A parking lot is being graded across the road as I write this. No one in my community was aware that a little gravel parking lot was being upgraded by the Maryland State Highway Administration until the construction trailer moved in and the earthwork started. How did this happen?
Well, the State Highway Administration doesn't have to get permission to spend half-a-million dollars for property the State already owns. They just have to come up with the reason and the money.
In this case, the Appalachian Trail Conservancy wanted to upgrade their gravel parking area at the Weverton Cliffs trailhead for "dignitaries." You see, this nice little hike to the overlook of the Potomac River and local mountains and valleys is convenient to the Washington D.C. big shots.

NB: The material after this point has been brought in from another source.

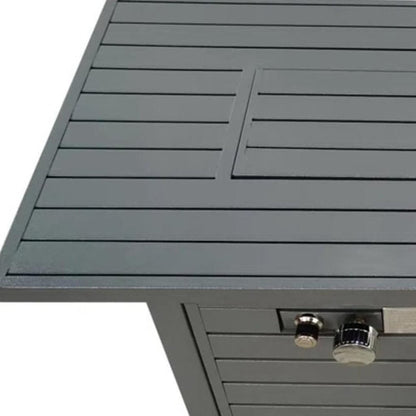 50000 BTU 42" Gray Steel Propane Rectangular Fire Pit With Cover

What irks me is that local citizens were not informed. Maybe we don't want the all-night sodium lights in our relatively undeveloped area. Maybe we would have questioned putting a parking lot with blacktop next to Israel Creek that flows into the nearby Potomac River. Maybe we are having enough problems with crime in the area with break-in's and prostitution pick-ups and drug drops since we are so close to Rt 340 and a three-state jurisdiction with relatively little policing going on.
I mourn the possible loss of seeing the Milky Way. Having moved off of our family farm near Frederick, MD, I saw the development encroach with housing and industrial development grow to the point that at night if there was any moisture in the air or snow on the ground, it looked like daylight outside. In our little gap nestled in Pleasant Valley, there are no big box stores nor fast food chains with mega lights.
With a heavy heart I sat in meditation with my little weekly group. What to do? My mind was racing for things to do. Fears about speaking out. Anger about the audacity to require night lights when the "dignitaries" will leave before dark and leave their lights behind.
Someone spoke about mountaintop removal in the Appalachian chain and mineral rights trumping landowners. Once the mountaintop is gone, now what? Anger? Grief? Sadness? Change? The sense of hopeless I was feeling was deepening.
My sense of seeing some Buddhist teacher sitting quietly and smiling, like Thich Nhat Hanh, felt condescending. I had been trying to practice a partial smile during meditation last week. Now it just felt like being constipated. I could imagine some roshi sitting and smiling, waiting for me to spend myself as I my emotions control the show. My hope is that there is a teacher waiting for me.
Meanwhile, I am experiencing loss of control, change, the great abyss. I still communicate with elected officials, neighbors, and the media as I clarify what the issues are. I am grateful that in this dark space, a Raging Granny is forming. I don't know if Buddha could appreciate this, or if Jesus would understand, but it feels like the beginning of hope.